Books authored / co-authored by CK Prahalad:
  • Multinational Mission: Balancing Local Demands and Global Vision (1987)
  • Competing for the Future (1994)
  • The Future of Competition: Co-Creating Unique Value with Customers (2004)
  • The Fortune at the Bottom of the Pyramid: Eradicating Poverty through Profit (2004)
  • New Age of Innovation (2008)
  • The Multinational Mission: Balancing Local Demands and Global Vision (1999)
  • Strategic Flexibility: Managing in a Turbulent environment (1999)
  • The Boundaryless Organization: Breaking the Chains of Organizational Structure (1995)

CK Prahalad quotes:
"If your aspirations are not greater than your resources, you’re not an entrepreneur." (strategy + business)
"Any company that cannot imagine the future won't be around to enjoy it." (Competing for the Future)
"Honesty and humility on the part of top management may be the first prerequisite of revitalization in a company". (Harvard Business Review)
"An organization’s capacity to improve existing skills and learn new ones is the most defensible competitive advantage of all." (with Gary Hamel in Harvard Business Review)
"If you want new ideas, you have to push yourself in the periphery."
"Executives are constrained not by resources, but by their imagination."
"The urgent drives out the important, the future goes largely unexplored; and the capacity to act, rather than the capacity to think and imagine, becomes the sole measure of leadership.” (Competing for the Future)
"Assume responsibility for outcomes as well as for the processes and people you work with. How you achieve results will shape the kind of person you become." (with Gary Hamel in Harvard Business Review)
"An incumbent’s greatest vulnerability is its belief in accepted practice." (with Gary Hamel in Harvard Business Review)
The perspective on outsourcing must shift from a focus on cost arbitrage to one encompassing a global search for resources and methodologies for leveraging resources. (with M.S. Krishnan in Optimize Magazine)
"CIOs should ask themselves two questions: "How well can we convert business ideas into business processes?" and "How flexible are my systems to translate BP into IT?" Those who make this transition will be the facilitators of their companies' success. If not, they will be the bottleneck. The choice is clear: CIOs must be the bridge in the logic chain between strategy and operational excellence." (Optimize Magazine) 

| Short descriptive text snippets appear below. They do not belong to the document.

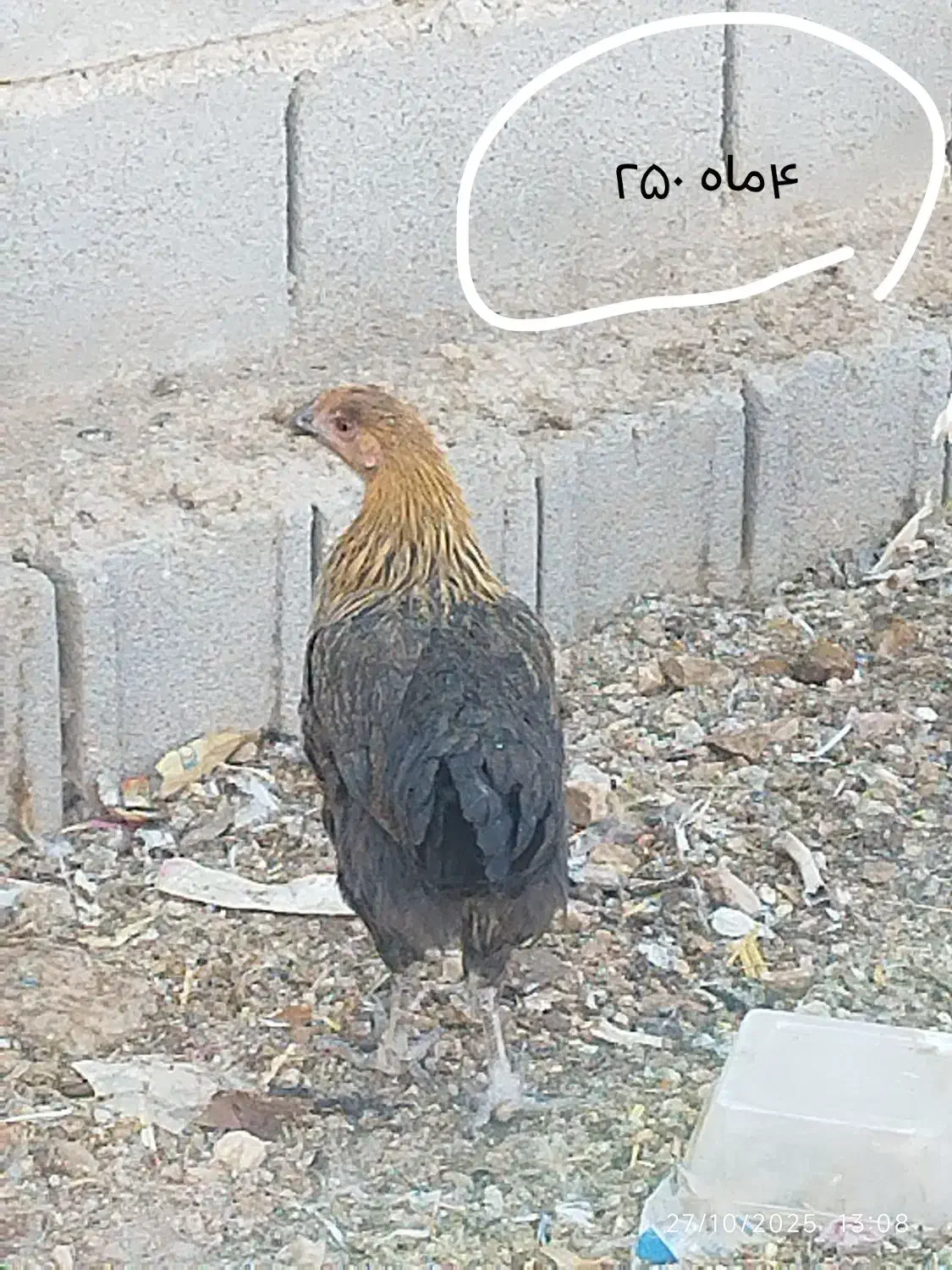 مرغ محلی|حیوانات مزرعه|زرقان, |دیوار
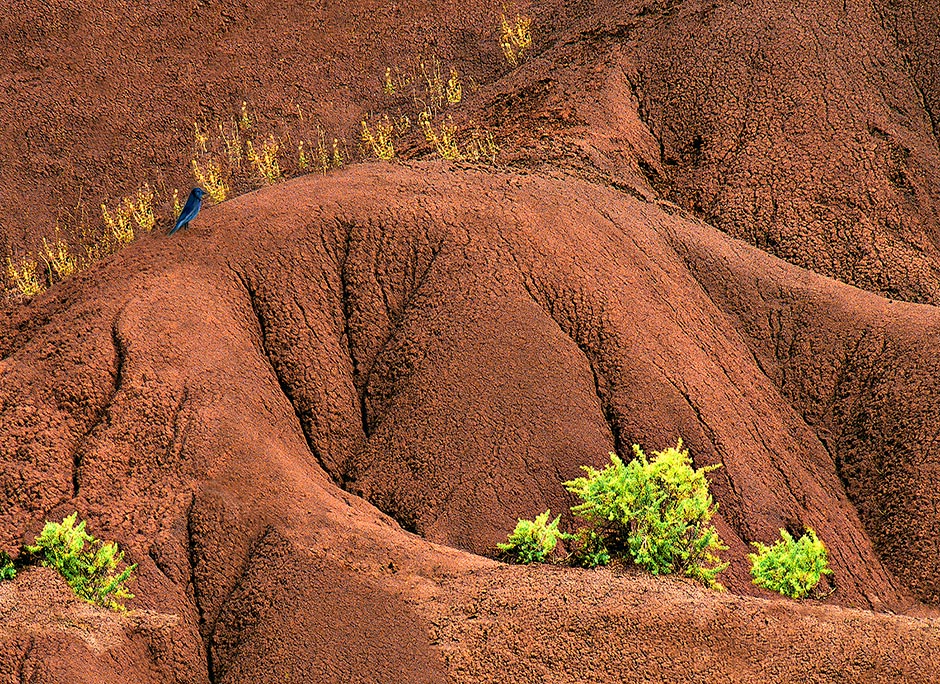 Sheep Rock Soil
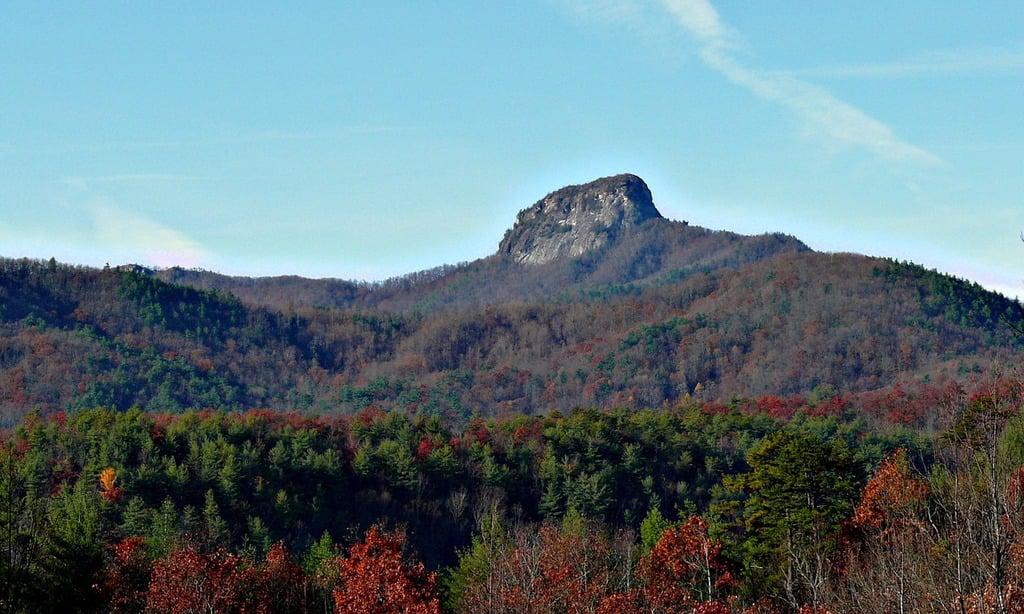 The Majestic Trees of North Carolina: A Guide to the State’s Lush Forests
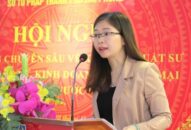 Tập huấn chuyên sâu về kỹ năng của luật sư trong lĩnh vực đầu tư, kinh doanh, thương mại có yếu tố nước ngoài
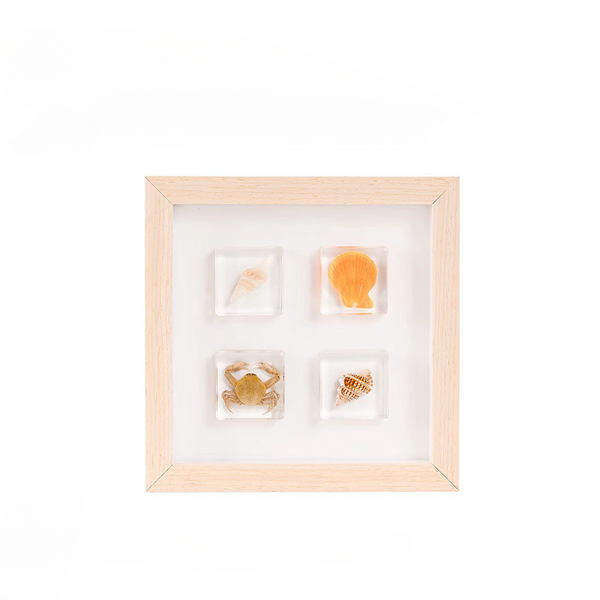 Specimen Photo Frame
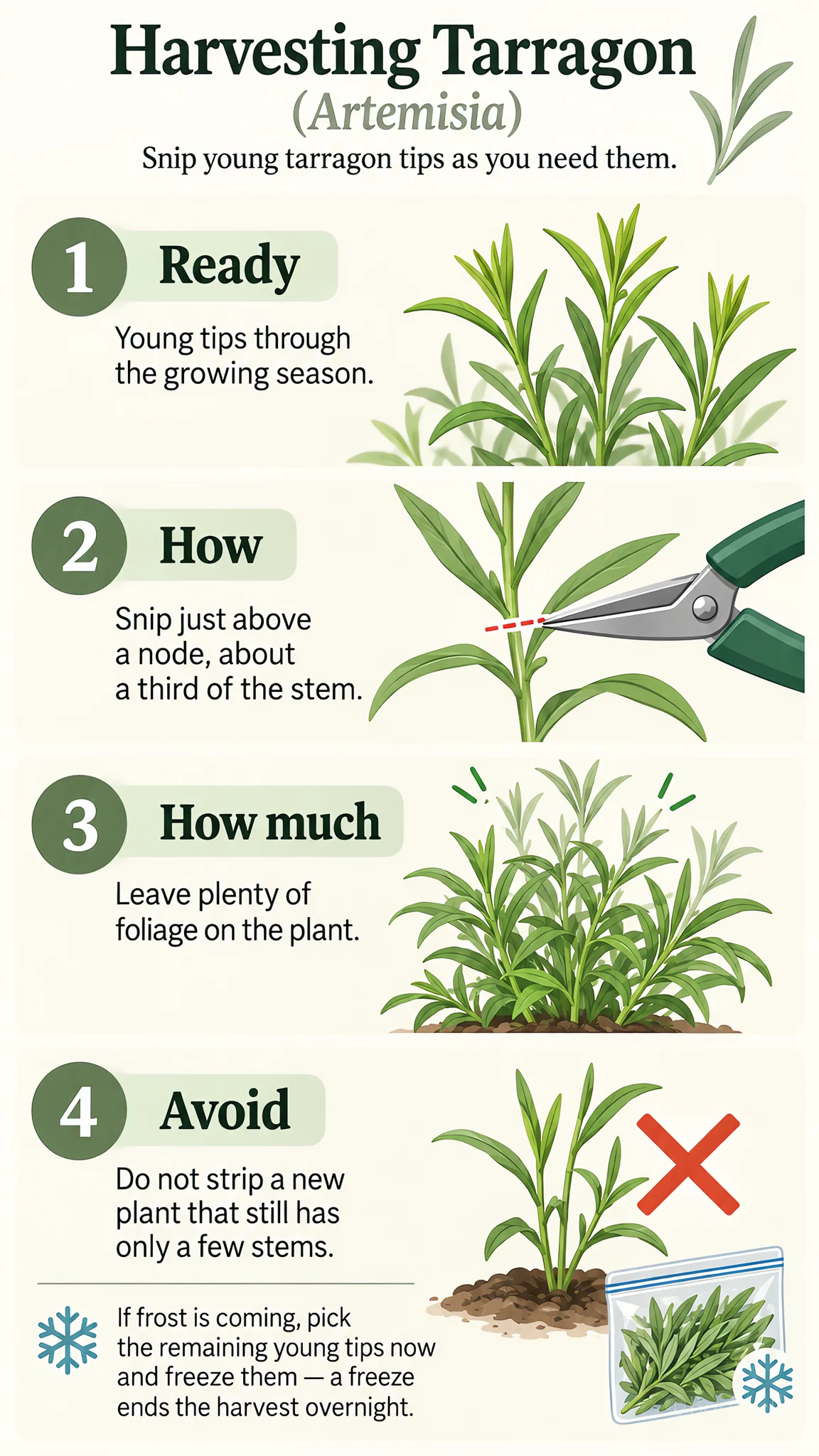 Harvesting Tarragon care summary diagram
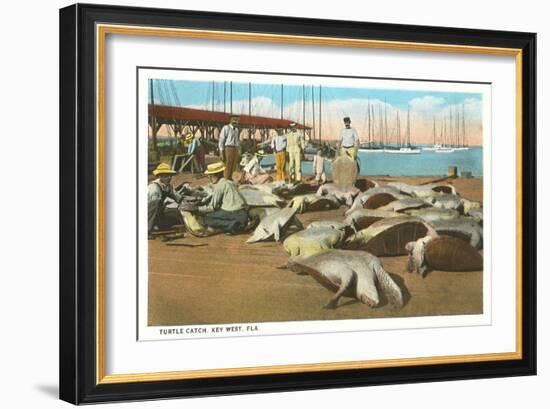 Turtle Catch, Key West, Florida-null-Framed Art Print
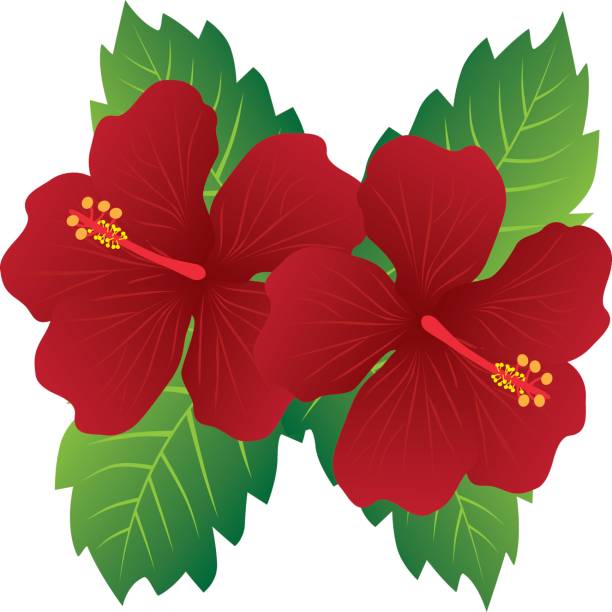 Red Hibiscus Flowers with Leaves Color Illustration Malaysia National Flower Red Hibiscus flowers with leaves color illustration rosa chinensis stock illustrations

"In many companies, business unit managers are rewarded solely on the basis of their performance against return on investment targets. Unfortunately, that often leads to denominator management because executives soon discover that reductions in investment and head count—the denominator—“improve” the financial ratios by which they are measured more easily than growth in the numerator: revenues. It also fosters a hair-trigger sensitivity to industry downturns that can be very costly. Managers who are quick to reduce investment and dismiss workers find it takes much longer to regain lost skills and catch up on investment when the industry turns upward again." (With Gary Hamel in Harvard Business Review) 
"Beset by new competitive reality, firms typically start to focus on better asset management (reduction of working capital) as well as in reduction of investment requirements by selective outsourcing. However, vitality in the medium to longer term comes not from asset reduction but from resource leverage."
"I see nothing but opportunities. If India can leverage its diversity and harmonize the talents available than 30 of the Fortune 500 companies will emerge from India." (Acceptance speech for the Global Indian of they year award 2004)
"Every one of my research projects started the same way: recognizing that the established theory did not explain a certain phenomenon. We had to stay constantly focused on weak signals. Each weak signal was a contradictory phenomenon that was not happening across the board. You could very easily say, “Dismiss it, this is an outlier, so we don’t have to worry about it.” But the outliers and weak signals were the places to find a different way to think about the problem." (strategy + business)
“Strategy is about stretching limited resources to fit ambitious aspirations” (Competing for the Future)
“The essence of strategy lies in creating tomorrow’s competitive advantages faster than competitors can mimic the ones you possess today.”